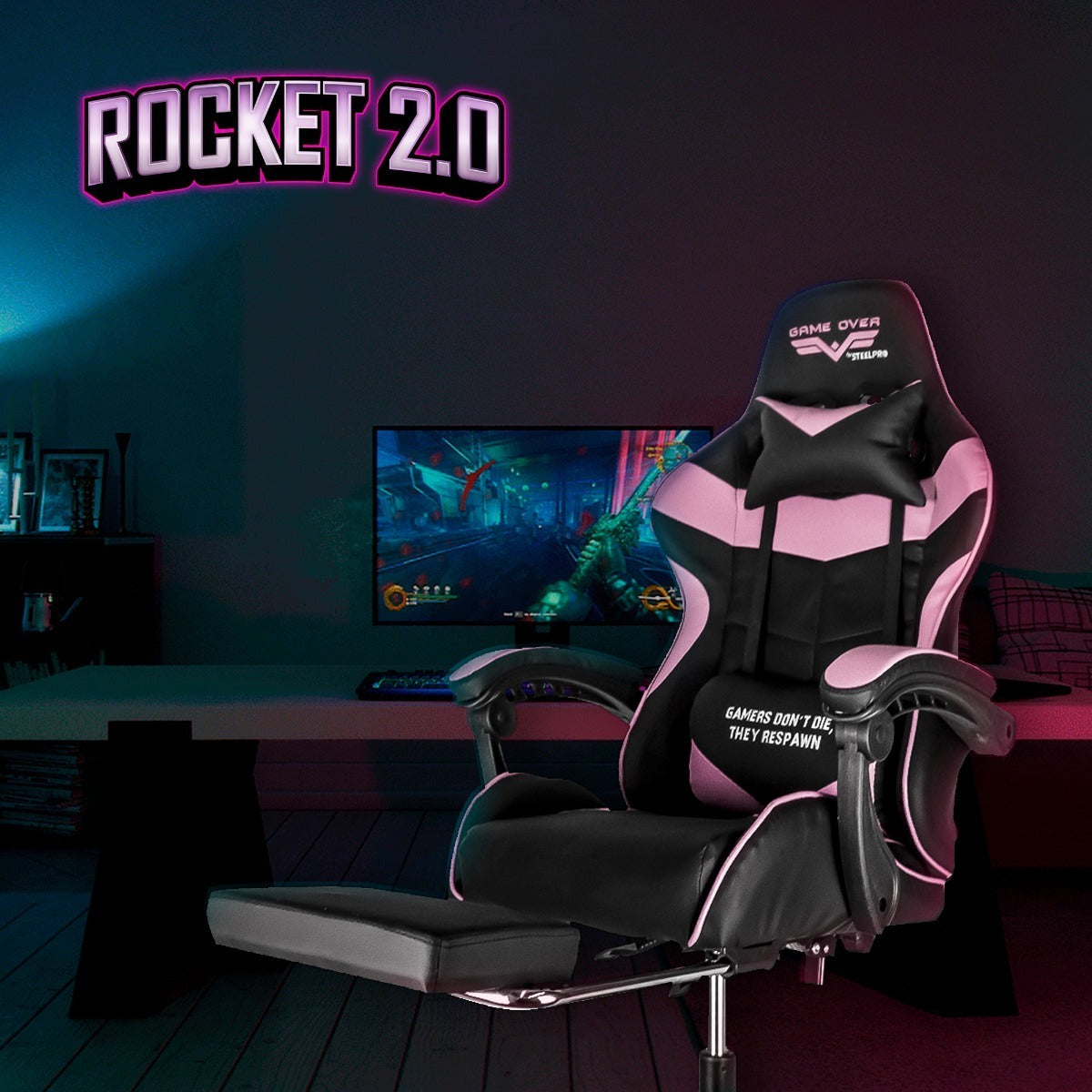 Silla De Escritorio Steelpro Rocket 2.0 Gamer Ergonómica Negra Y Rosa Con Tapizado De Cuero Sintético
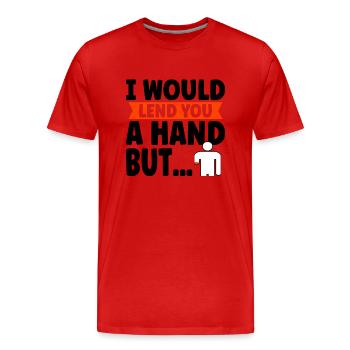 Amputation de l’amputation du bras de la main requise - T-shirt bio Premium Homme - rouge - Devant - Damien (186cm)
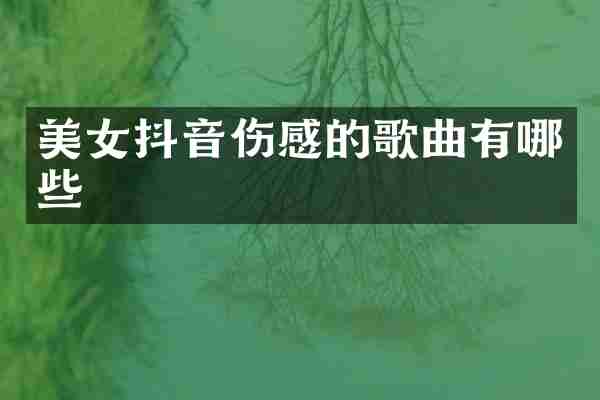 美女抖音伤感的歌曲有哪些
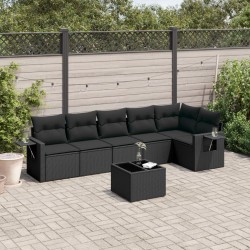 vidaXL Set de comedor de jardín 7 pzas y cojines ratán sintético negro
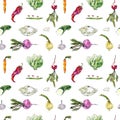 Seamless watercolor pattern with Hand drawn vegetables. Beetroot, radish, carrot, beans, peas, pod, artichoke, chili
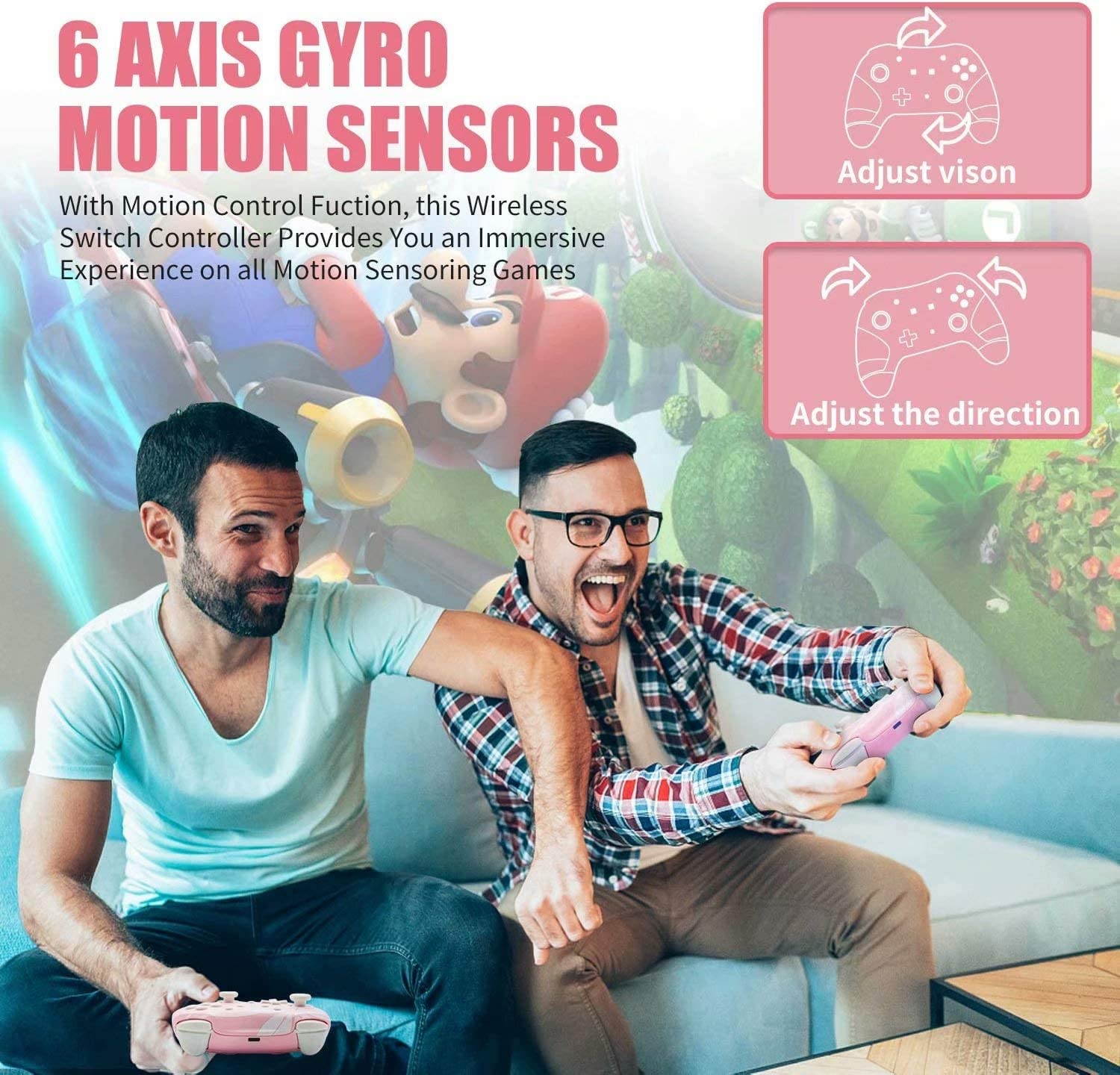 Wireless Controller for Nintendo Switch/Lite,  Wireless Pro Controllers with Auto-Fire Turbo, Motion Control, Wake-Up, Headphone Jack, Adjustable Vibration, Sakura Cherry Blossoms Pink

_EXERCISE PROMPT_.
All lines from the line with "Amputation de l’amputation" through the final line of the listing are to be printed exactly, both ends included; the pictures are not.

_SOLUTION_.
 Amputation de l’amputation du bras de la main requise - T-shirt bio Premium Homme - rouge - Devant - Damien (186cm)
 美女抖音伤感的歌曲有哪些
 vidaXL Set de comedor de jardín 7 pzas y cojines ratán sintético negro
 Seamless watercolor pattern with Hand drawn vegetables. Beetroot, radish, carrot, beans, peas, pod, artichoke, chili
 Wireless Controller for Nintendo Switch/Lite,  Wireless Pro Controllers with Auto-Fire Turbo, Motion Control, Wake-Up, Headphone Jack, Adjustable Vibration, Sakura Cherry Blossoms Pink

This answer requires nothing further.